Предпосылкой этой взаимной приязни стала их общая близкая встреча со смертью. Если Пьер отворачивается от Каратаева и молча уходит, не выслушав его последних слов, то Наташа и Марья всеми силами стремятся услышать, что скажет перед смертью князь Андрей. И то, что они обе неотлучно присутствуют при нравственной борьбе Андрея со смертью, и то, что они долгое время соприкасаются с физической реальностью смерти, очень важно для эстетической и философской концепции Толстого. Ведь все это открывает для них новый жизненный опыт, а именно — «исключительное чувство возможности жизни только в присутствии друг друга». Определение «исключительное» относится не только к силе возникшего между женщинами чувства, но и к чрезвычайности этой связи, зародившейся рядом со смертью и вне ее — в жизни. Смерть Андрея заставляет их обеих понять, что жизнь зависит от связи с другим, осознать ту сопряженность, в которой можно усмотреть противоположность себялюбию, зависящему от чужого одобрения, — тому, что Руссо именовал amour propre («самолюбие»).
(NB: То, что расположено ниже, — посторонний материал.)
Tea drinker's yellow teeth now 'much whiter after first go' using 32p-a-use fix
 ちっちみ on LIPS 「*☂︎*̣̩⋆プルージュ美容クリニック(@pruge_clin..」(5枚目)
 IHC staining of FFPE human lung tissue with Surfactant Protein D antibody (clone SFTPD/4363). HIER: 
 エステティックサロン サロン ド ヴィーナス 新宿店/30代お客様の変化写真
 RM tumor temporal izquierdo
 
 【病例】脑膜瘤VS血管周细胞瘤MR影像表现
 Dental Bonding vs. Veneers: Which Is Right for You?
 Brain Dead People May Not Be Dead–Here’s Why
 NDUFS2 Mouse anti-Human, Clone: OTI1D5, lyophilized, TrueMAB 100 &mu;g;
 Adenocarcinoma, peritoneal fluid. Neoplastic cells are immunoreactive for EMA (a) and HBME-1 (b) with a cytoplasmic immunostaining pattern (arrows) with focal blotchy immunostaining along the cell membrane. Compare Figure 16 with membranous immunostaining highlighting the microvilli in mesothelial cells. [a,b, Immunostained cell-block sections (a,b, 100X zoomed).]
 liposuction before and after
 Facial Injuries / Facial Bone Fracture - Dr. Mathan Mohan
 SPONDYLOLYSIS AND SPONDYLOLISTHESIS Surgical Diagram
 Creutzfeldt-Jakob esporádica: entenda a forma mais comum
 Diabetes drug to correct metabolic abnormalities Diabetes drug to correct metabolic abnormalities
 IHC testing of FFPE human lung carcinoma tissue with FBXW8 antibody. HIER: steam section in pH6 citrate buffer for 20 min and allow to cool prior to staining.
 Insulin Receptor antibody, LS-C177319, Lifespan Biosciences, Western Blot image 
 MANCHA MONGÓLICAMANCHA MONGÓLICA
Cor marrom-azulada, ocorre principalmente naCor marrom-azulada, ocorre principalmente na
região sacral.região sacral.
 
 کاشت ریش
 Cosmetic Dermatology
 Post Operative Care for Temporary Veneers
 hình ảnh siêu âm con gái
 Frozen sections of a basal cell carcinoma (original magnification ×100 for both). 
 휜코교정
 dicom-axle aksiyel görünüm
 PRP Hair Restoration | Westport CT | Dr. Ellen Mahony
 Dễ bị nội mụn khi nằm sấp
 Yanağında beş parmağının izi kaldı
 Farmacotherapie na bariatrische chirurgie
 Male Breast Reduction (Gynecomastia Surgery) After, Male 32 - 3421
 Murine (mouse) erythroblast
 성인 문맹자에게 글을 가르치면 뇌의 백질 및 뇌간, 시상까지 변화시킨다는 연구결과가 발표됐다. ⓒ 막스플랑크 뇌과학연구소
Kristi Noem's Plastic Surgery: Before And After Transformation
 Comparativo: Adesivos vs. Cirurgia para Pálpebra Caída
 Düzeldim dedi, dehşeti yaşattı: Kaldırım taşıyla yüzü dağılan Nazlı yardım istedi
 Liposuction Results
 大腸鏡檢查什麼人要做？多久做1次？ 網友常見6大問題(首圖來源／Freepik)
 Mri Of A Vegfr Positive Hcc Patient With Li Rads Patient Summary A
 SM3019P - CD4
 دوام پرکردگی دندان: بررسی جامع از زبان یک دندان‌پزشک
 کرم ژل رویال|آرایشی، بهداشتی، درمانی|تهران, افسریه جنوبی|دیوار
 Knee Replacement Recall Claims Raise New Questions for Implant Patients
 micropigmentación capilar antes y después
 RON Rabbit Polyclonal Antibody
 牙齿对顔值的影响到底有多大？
Если Руссо утверждает, что противоположность amour propre есть amour de soi («себялюбие») — независимая любовь к себе, — то представление Толстого о личной свободе невозможно отделить от стремления к связи с другим. Женщины испытывают в миниатюре ту любовь, которая является Андрею как предсмертное откровение: это «не та любовь, которая любит за что-нибудь, для чего-нибудь или почему-нибудь, но… то чувство любви, которая есть самая сущность души и для которой не нужно предмета». Любовь, которую открывает Андрей, как указывает Лина Штайнер, — это познание «метафизической сущности», лежащей в основе всякого бытия. Штайнер приводит цитату из дневниковой записи, сделанной Толстым вскоре после завершения «Войны и мира»:

Все теории философии (новой от Картезиуса) носят ошибку, состоящую в том, что признают одно сознание себя индивидуума (так называемого субъекта), тогда как сознание — именно сознание всего мира, так называемого объекта, так же несомненно[219].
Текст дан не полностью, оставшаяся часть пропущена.